"Donner la parole à tout le monde et supprimer le système pyramidal": les "gilets jaunes" de Commercy (Meuse) organisent chaque jour une "assemblée populaire" devant une cabane de bric et de broc: déçus par les annonces du président, ils prévoient de durcir leurs actions.
"Il y en a qui ont des choses à dire? Qui veut animer l'assemblée?", demande Jonathan, un fonctionnaire territorial de 35 ans, à la vingtaine de personnes réunies autour de deux braseros.
Damien, la trentaine, endosse le rôle de modérateur et s'empare d'un marteau: si les débats s'enveniment, il tape sur la tôle. Romain, 21 ans, consigne sur un cahier le déroulement du "rendez-vous citoyen". Un jeune couple, parents de deux fillettes et nouveau venu dans le groupe, se présente.
Les "gilets jaunes" de Commercy, commune de presque 6.000 habitants réputée pour ses madeleines, organisent chaque jour à 17H30 des assemblées populaires.
"On fait le bilan de la journée et on décide des actions à faire, toujours par vote à main levée.
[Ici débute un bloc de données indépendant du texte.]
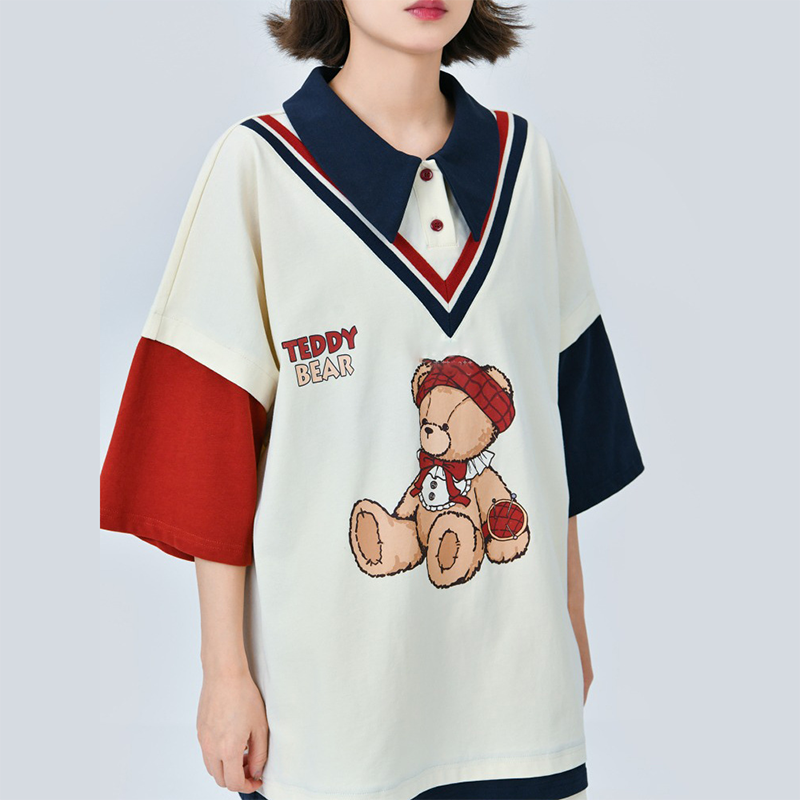 INS大人气 カレッジスタイル コントラストカラー かわいいクマ スーツ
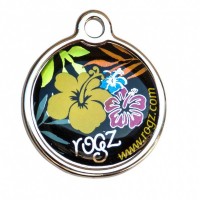 Адресник Rogz L Dayglo Floral, 3,1 см металл IDM31BU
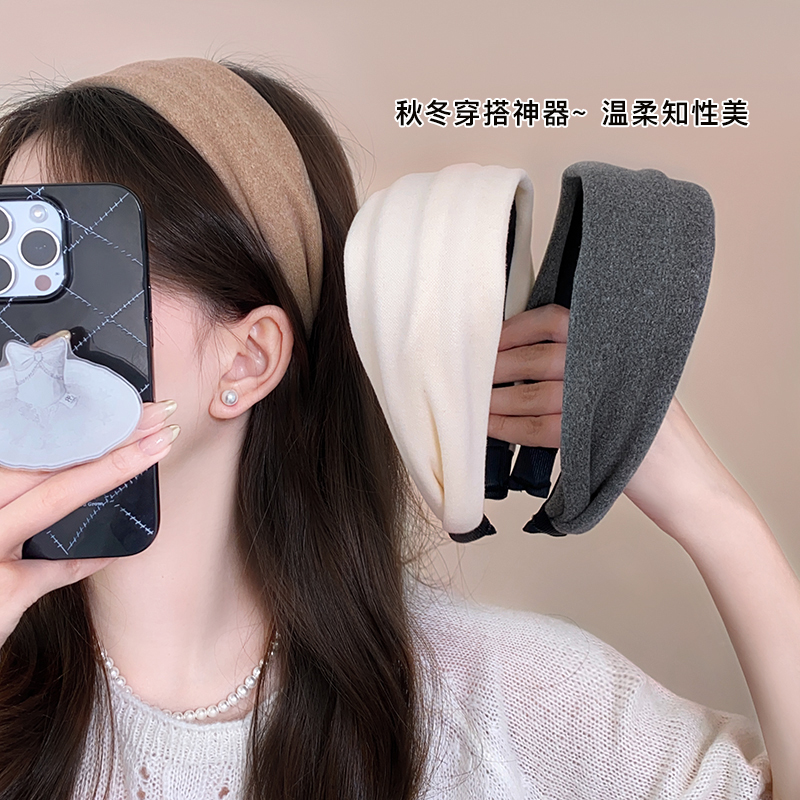 古里雅宽边磨毛高颅顶发箍高级感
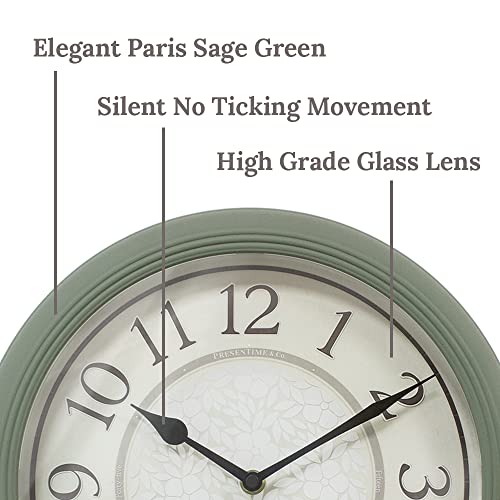 12.6" Illuminated Farmhouse Wall Clock | Silent Battery-Operated Night Light Wall Clock, Smart LED Sensor, Living Room, Kitchen, Bath, Sage Green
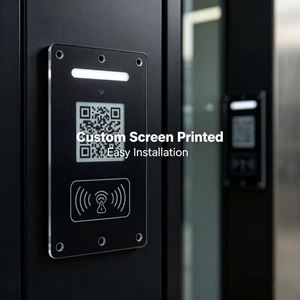 Panneau acrylique noir personnalisé imprimé à l'écran avec trous de fixation, plaque de contrôle d'accès pour lecteur de cartes RFID et scanner de codes QR - Product Image 3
Il n'y a pas de hiérarchie, on veut faire participer tout le monde", explique René, un enseignant retraité de 73 ans.
"On ne veut ni de représentants, ni de système pyramidal où le sommet ne représente plus la base", ajoute-t-il.
"C'est le peuple qui décide, on est maître de notre destin, normalement", souligne Patricia, une sexagénaire, assise sur un banc dans la cabane.
Installée sur une place du centre-ville depuis trois semaines, fabriquée avec des palettes et un toit en tôle, elle est devenue "un point de rassemblement" pour les "gilets jaunes" du secteur.
Avec sa "petite retraite de moins de 800 euros par mois", Elisabeth, 66 ans, a le sentiment d'être "aux oubliettes". "Mais ici, on a tous notre importance, notre avis compte", dit-elle en souriant.
- "Comités populaires" -
Refusant de mettre "le doigt dans l'engrenage de la représentation et de la récupération", les "gilets jaunes" commerciens ont lancé un appel à créer "partout en France des comités populaires, qui fonctionnent en assemblées générales régulières".
"Quand on arrive à la cabane, on enfile son gilet jaune et on enlève son étiquette politique", précise Jonathan, casquette en laine sur la tête. Un électricien sexagénaire, proche de François Asselineau, est prié de ranger ses documents.
Lundi soir, dans un froid humide avec une température de 6°, les "gilets jaunes" votaient pour payer avec la cagnotte, alimentée par des particuliers, les amendes de ceux qui ont organisé des ralentissements sur l'autoroute et des indemnités kilométriques à ceux qui utilisent leur véhicule pour des actions. L'idée de trouver un local pour pérenniser le lieu est abordée.
Des désaccords affleurent sur la couverture média ou la création de groupes de discussions dans les villages alentour.
"Ca ne sert à rien. Les gens passent avec leurs gilets jaunes dans la voiture, ils klaxonnent, mais ils restent chez eux", constate, amer, un homme moustachu.
"C'est la première fois que c'est houleux comme ça", reconnaît René.
"Comme il n'y a pas d'unanimité, le vote est reporté à demain", glisse Jonathan.
Le groupe a interdit l'alcool "pour éviter les problèmes et donner une bonne image", selon René, et prône la non-violence. Les blocages, barrages filtrants et opérations escargot organisés au début du mouvement ont été abandonnés car "trop pénalisants pour les usagers".
Dépités par l'allocution lundi soir d'Emmanuel Macron, ils envisagent tous de durcir leurs actions et certains de manifester à Paris samedi.
"On ne veut pas de ses miettes, on veut partager la baguette équitablement. A la cabane, on partage les madeleines qu'on nous donne", résume Jonathan, déçu par l'absence d'annonces sur la redistribution des richesses.